Se suele decir que el verdadero recurso de un país es la educación y no es una frase retórica. Lo confirman los tres días de Ejercicios espirituales de los universitarios de CL que abordan sin tapujos una pregunta que normalmente se procura evitar: ¿Hay algo en la vida que resista el embate del tiempo?

Rímini, 7 de diciembre de 2018, Ejercicios espirituales de los universitarios de CL, 17:00 h. En el hall del hotel llega un grupo de Nápoles, la recepcionista dice que les va a llamar por habitación y que preparen un documento. «Chicos, un documento para todos», dice el jefe del grupo. «Óptimo», resuena una voz. «¡Un solo documento vale para todos!». «No, que cada uno prepare un documento.», precisa el primero.
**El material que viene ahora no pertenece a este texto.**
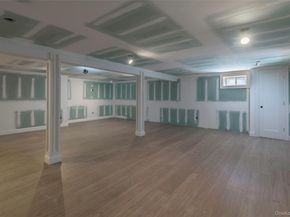 1070 Maple Lane, New Hyde Park NY 11040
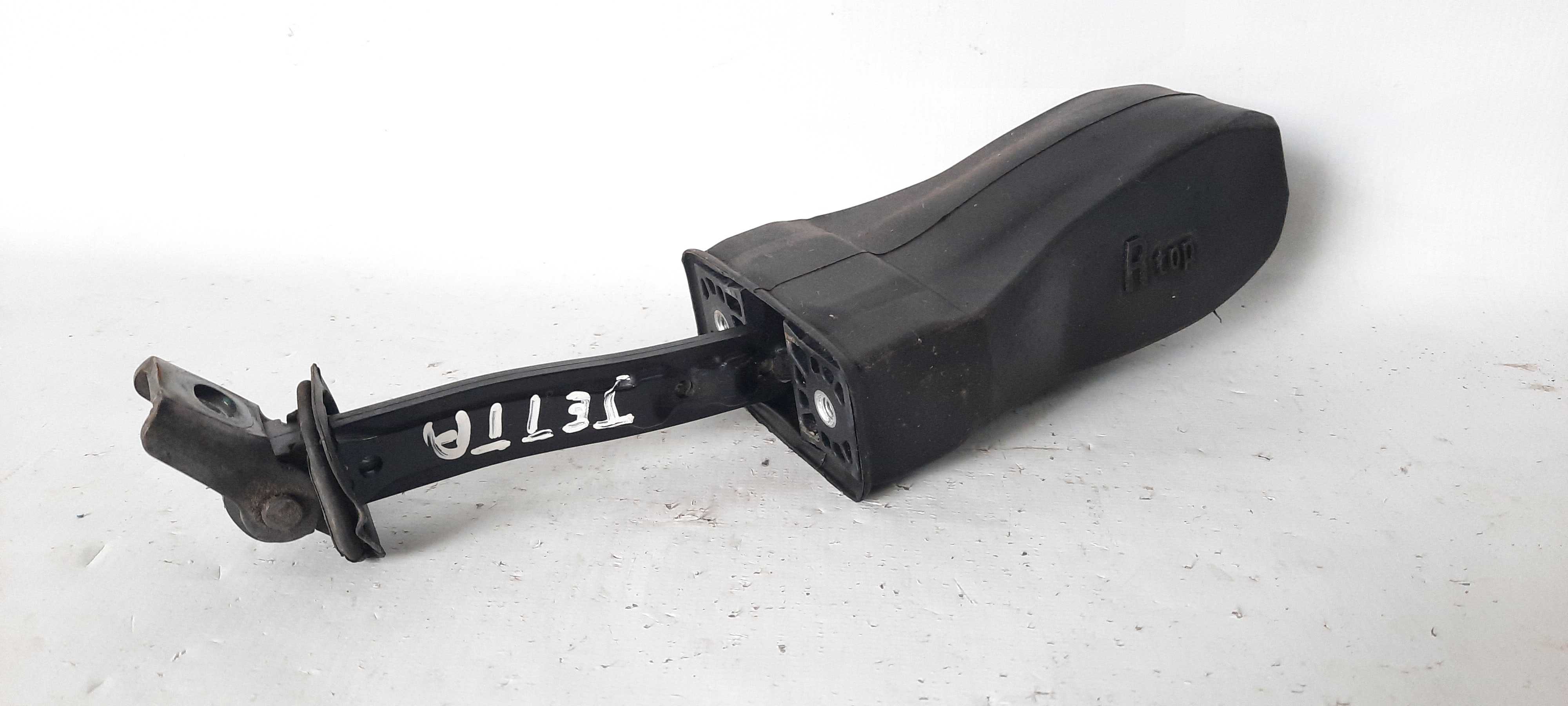 Limitador Porta Traseiro Esquerda Jetta 10 11 12 13 14 3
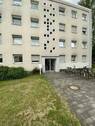 Blick auf den Hauseingang des hellen Hauses mit weißer Glaseingangstür und Wohnungsfenster II.jpg - 1600472051 'Gemütliche 3-Zimmer-Wohnung in Meerbusch-Büderich'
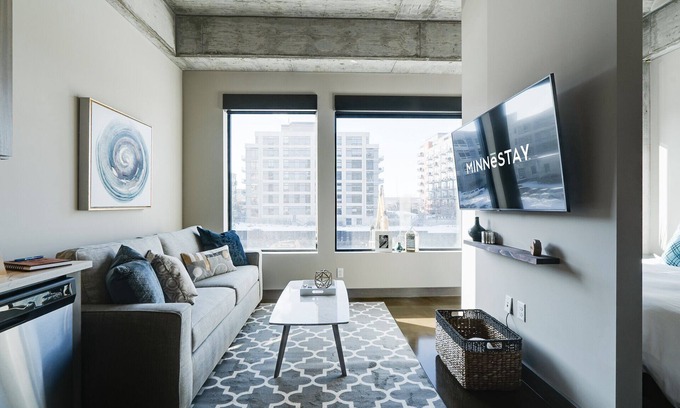 Warehouse District Apartamento | Minnestay * City Loft 26 ★ Caminar hasta el tren ligero ★ Estacionamiento gratuito ★ Comer-Beber-Comprar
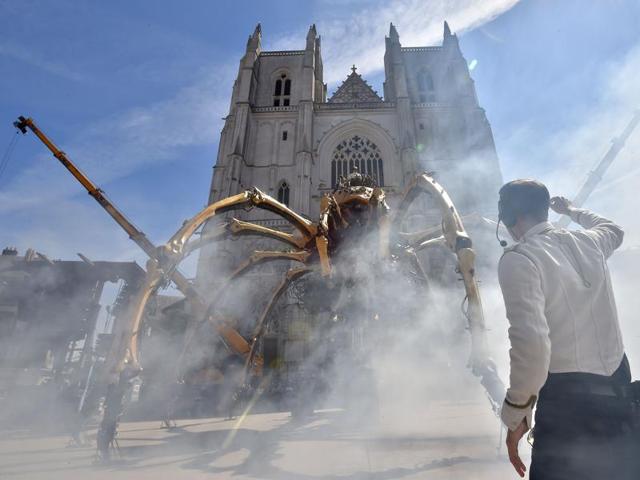 Men prepare to pilot Kumo, a mechanical spider made of wood and steel by Les Machines de L'Ile (Machines of the Isle of Nantes) factory. (AFP) Men prepare to pilot Kumo, a mechanical spider made of wood and steel by Les Machines de L'Ile (Machines of the Isle of Nantes) factory. (AFP)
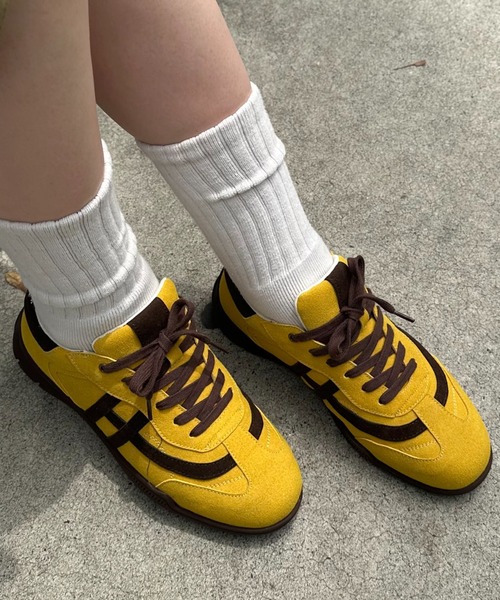 FOREVER 21(フォーエバー トゥエンティーワン)の「【2025SS】ローカットスニーカー(スニーカー・レディース・レッド/イエロー/ライトブラウン・MEDIUM/LARGE)」の21枚目の写真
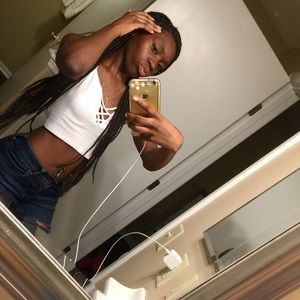 Meet your Posher, Deandra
Casi en el acto alguien pierde la llave de la habitación que acaba de recoger. «¿De quién es?», pregunta en balde una tercera voz. Una gag que contrasta con el cuidado del mínimo detalle de los chavales de la secretaría: desde las hojas con el cronograma detalladísimo colgadas detrás del escenario hasta el rígido sistema de control que requiere la jefatura de Policía para la entrada en la Feria, donde se esperan 3.500 estudiantes (el mismo día en que sus coetáneos franceses con sus gilet jaunes (chalecos amarillos, ndt.) están desfogando violentamente su rabia por las calles de París...). Tarjetas de acceso personalizadas, colas ordenadas, controles en los accesos. Pero los chavales no se quejan de lo que exige la realidad,aunque les cree ciertas dificultades. Simplemente, lo asumen, y punto.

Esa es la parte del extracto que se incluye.